A Tibetan woman set herself on fire in what exiles from the region are calling a protest against Chinese policies and persistent security crackdowns in the region.

36 year old Sangye Tso, a mother of two, carried out her self-immolation around 4AM on May 27, in front of a Chinese security and re-education building located within the compound of Choparshing monastery.

The monastery, also known as Tashi Choekorling, is located in Choparshing in Chone County. This North Eastern Tibetan region falls within Kanlho Prefecture today, and is in the Chinese province of Gansu. VOA has learnt that security forces arrived within minutes of Sangye Tso’s action and took her away. ​

Exile Tibetan sources and Tibet support groups have been reporting conflicting versions of what has taken place in the aftermath of Sangye Tso being taken away with some reporting that she had died while in custody, and others that she was already dead when Chinese security took her away.

The immediate communications blackout in the region, a standard practice in all previous self-immolation protests in Tibet is making it hard to verify the exact whereabouts and condition of Sangye Tso.

A source in Australia who is a native of the region has told VOA that the last communication he received said that the small community of Choparshing was blanketed with security forces and that people were being told to stop all attempts to communicate with the outside world. The source told VOA that this far flung area of Tibet had been under intense pressure since 2008 when monks and ordinary Tibetans joined the protests that rocked hundreds of Tibetan areas across the country that were swiftly put down by Chinese forces, many resulting in police shootings and beatings of peaceful protesters, and the detention of tens of thousands of Tibetans.

In Choekorling Monastery, 400 monks were fined 5000 Yuan each for taking part in the protests, a staggering total of two million Yuans, an immense amount for a small monastery that may have left the monastery indebted to the state for a long time.

Three monks from the monastery were detained in 2008 and sentenced to 15 year prison terms for their part in the protests, and it is believed that several lay people are also still in detention. If the experience of other Tibetan political prisoners are any indications, the detained individuals may be suffering abuse and torture for long periods of time.

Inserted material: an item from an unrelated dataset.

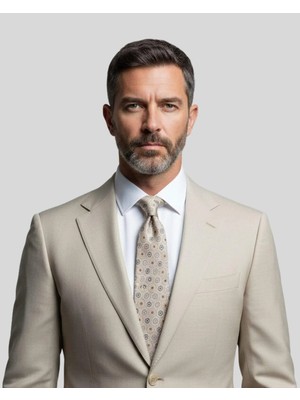 1001 Kravat Çiçek Desenli Açık Kahverengi 8 cm Genişliğinde Kravat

While there have been over 140 self-immolation protests that have taken place in Tibet since 2009, this is the first one in Chone county.

Exile Tibetans from the region tell VOA that the local monastery has been under intense pressure from security and re-education units, and that large buildings housing security and propaganda workers had been actually built inside the monastery’s walled compound.

Local people and the monastery’s monks had made repeated appeals to the local government to have the barracks and offices of armed security police relocated outside the monastery but to no avail.

Sources tell VOA that the actions of the Chinese authorities have deeply hurt and humiliated the local Tibetans who see them as attacks against Tibetan culture and religion, and that the sense of injustice and helplessness felt by many may have been what drove Sangye Tso to carry out her desperate protest.

This latest self-immolation in Tibet follows that of Tenzin Gyatso, a father of four, who also carried out his self-immolation protest outside a Chinese government building in Tawu County last week.

There have been over 140 self-immolation protests against China’s rule of Tibet which has been recognized by almost all rights organizations as being highly repressive. The United Nations High Commissioner for Human Rights has in recent years urged China to address the long-standing Tibetan grievances that have led to an escalation in protests and the self-immolations.